● **GIVEN DATA**:

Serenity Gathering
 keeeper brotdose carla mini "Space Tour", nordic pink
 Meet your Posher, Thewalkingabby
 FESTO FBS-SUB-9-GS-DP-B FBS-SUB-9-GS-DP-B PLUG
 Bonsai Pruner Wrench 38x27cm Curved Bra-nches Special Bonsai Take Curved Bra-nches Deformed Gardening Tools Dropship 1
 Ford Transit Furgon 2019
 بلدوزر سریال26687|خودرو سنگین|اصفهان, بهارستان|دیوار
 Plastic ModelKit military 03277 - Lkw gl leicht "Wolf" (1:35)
--
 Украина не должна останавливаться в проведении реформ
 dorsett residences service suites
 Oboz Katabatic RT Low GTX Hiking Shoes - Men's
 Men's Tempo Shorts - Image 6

● **YOUR TASK**: Give an exact copy of the lines above from the line with "Serenity Gathering" up to and including the line with "FESTO FBS-SUB-9-GS-DP-B FBS-SUB-9-GS-DP-B", and leave everything else out.

● **RESPONSE FOR THIS EXERCISE**:
Serenity Gathering
 keeeper brotdose carla mini "Space Tour", nordic pink
 Meet your Posher, Thewalkingabby
 FESTO FBS-SUB-9-GS-DP-B FBS-SUB-9-GS-DP-B PLUG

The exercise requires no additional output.